A cidade da Praia é apelidada de “Pérola do Atlântico” por brochuras turísticas e por políticos em campanha. De facto, o potencial urbanístico da sua belíssima costa e dos seus plateaus é enorme. Infelizmente, a capital tem sido votada ao descaso por gestores e habitantes.
Os pecados dos gestores têm sido extensivamente tratados por inúmeros comentadores do país: o desastre do saneamento, o grave défice de habitação, a gestão eleitoralista e corporativista do território…
Mas os problemas da capital não resultam apenas da falta de visão e do egoísmo dos poderes públicos; resultam também de uma dialéctica tóxica entre a má gestão pública e a má cidadania.
Chamamos civismo à responsabilidade que cada indivíduo sente perante a sua comunidade. Como toda a norma colectiva, esta é talhada pelas circunstâncias que formaram o indivíduo e que determinam o que ele define como sua “comunidade”.

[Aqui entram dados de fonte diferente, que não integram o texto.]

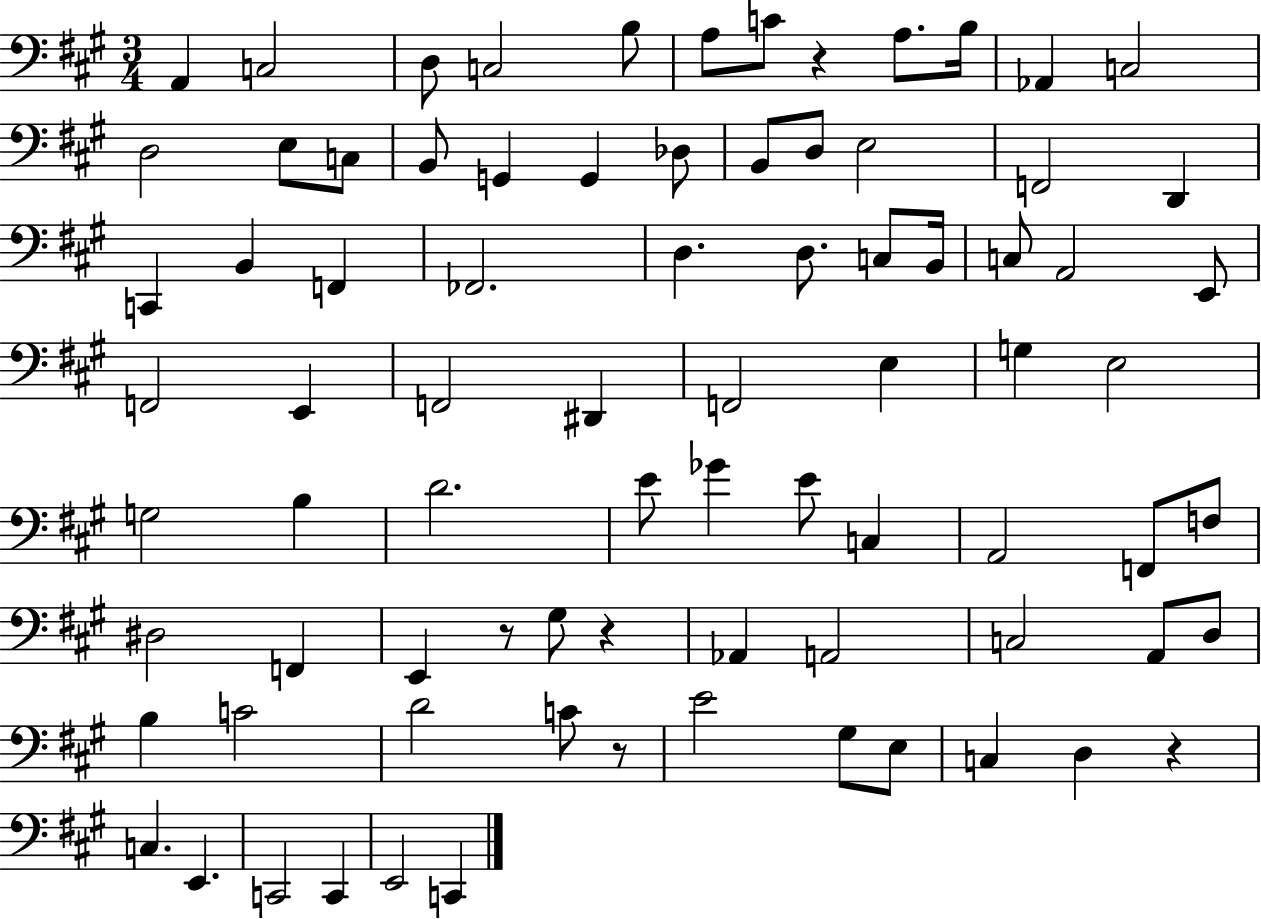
X:1
T:Untitled
M:3/4
L:1/4
K:A
A,, C,2 D,/2 C,2 B,/2 A,/2 C/2 z A,/2 B,/4 _A,, C,2 D,2 E,/2 C,/2 B,,/2 G,, G,, _D,/2 B,,/2 D,/2 E,2 F,,2 D,, C,, B,, F,, _F,,2 D, D,/2 C,/2 B,,/4 C,/2 A,,2 E,,/2 F,,2 E,, F,,2 ^D,, F,,2 E, G, E,2 G,2 B, D2 E/2 _G E/2 C, A,,2 F,,/2 F,/2 ^D,2 F,, E,, z/2 ^G,/2 z _A,, A,,2 C,2 A,,/2 D,/2 B, C2 D2 C/2 z/2 E2 ^G,/2 E,/2 C, D, z C, E,, C,,2 C,, E,,2 C,,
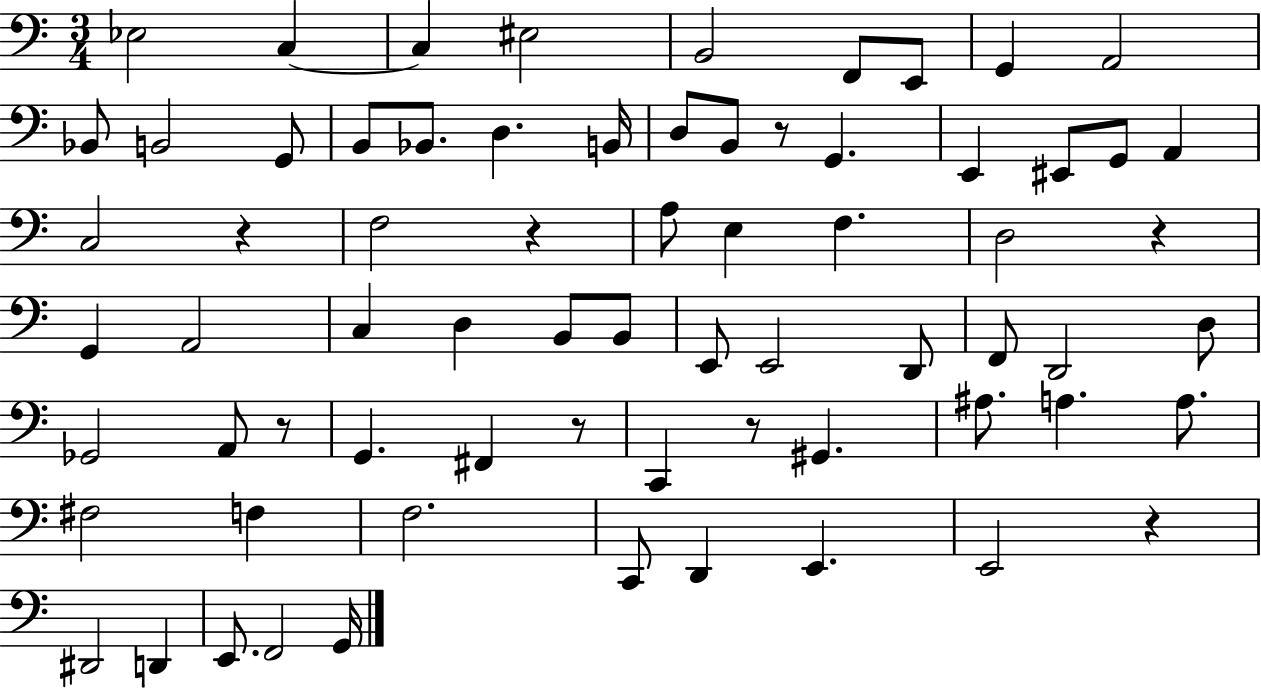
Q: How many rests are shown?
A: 8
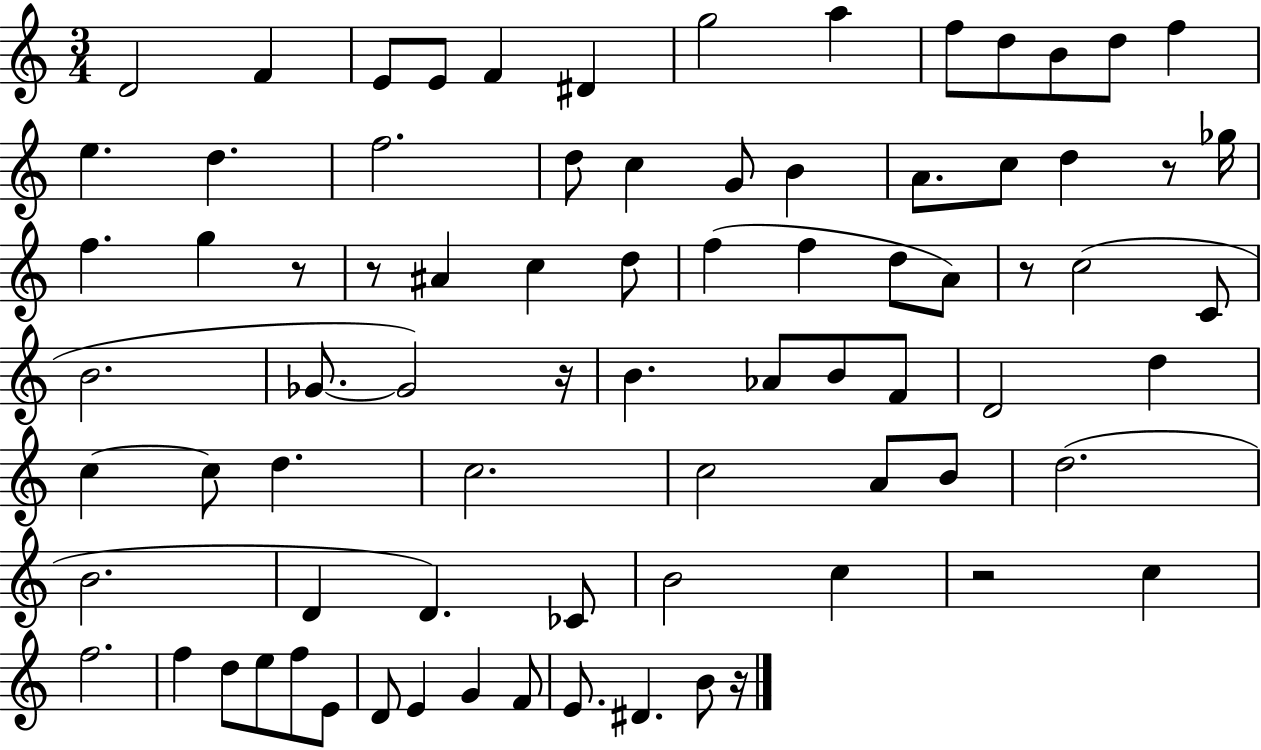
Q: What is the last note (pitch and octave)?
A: B4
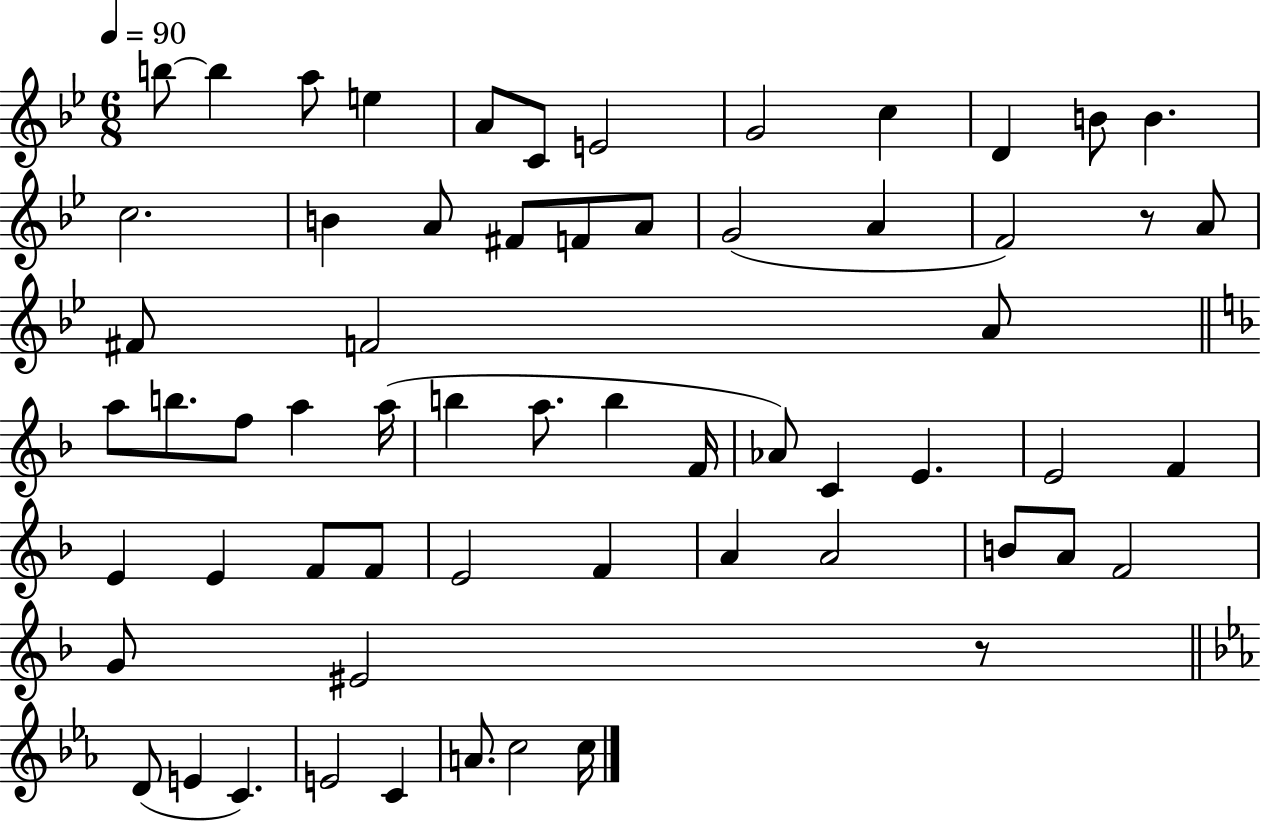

A constituição do Mindelo — o outro polo urbano do país — foi mais orgânica do que a da Praia. O Porto Grande — a plataforma económica sobre a qual o Mindelo foi construído — dominava o modo de produção da ilha e, consequentemente, a formação cultural e identitária dos moradores.
No interior de Santiago, a ribeira materna constituía uma componente essencial da identidade individual. As obrigações para com o território e os outros membros da comunidade eram universalmente compreendidas e assumidas.
Mas a cidade da Praia — um enclave colonial burocrático numa ilha essencialmente agrária — era um universo identitário reduzido, sociologicamente isolado da restante população.
No Mindelo, bairros urbanos e suburbanos contribuíam para a identidade dos moradores; mas a generalidade dos habitantes — desde o trabalhador portuário da então periferia até ao comerciante burguês do centro — apropriava-se diariamente da cidade: do seu porto, do seu mercado, das suas praças, das suas escolas, de um conjunto apreciável de serviços para o país e para a época.
Contrariamente, a cidade da Praia não logrou crescer de forma orgânica, como uma colectividade íntegra, mobilizadora de identidades e da lealdade dos seus munícipes.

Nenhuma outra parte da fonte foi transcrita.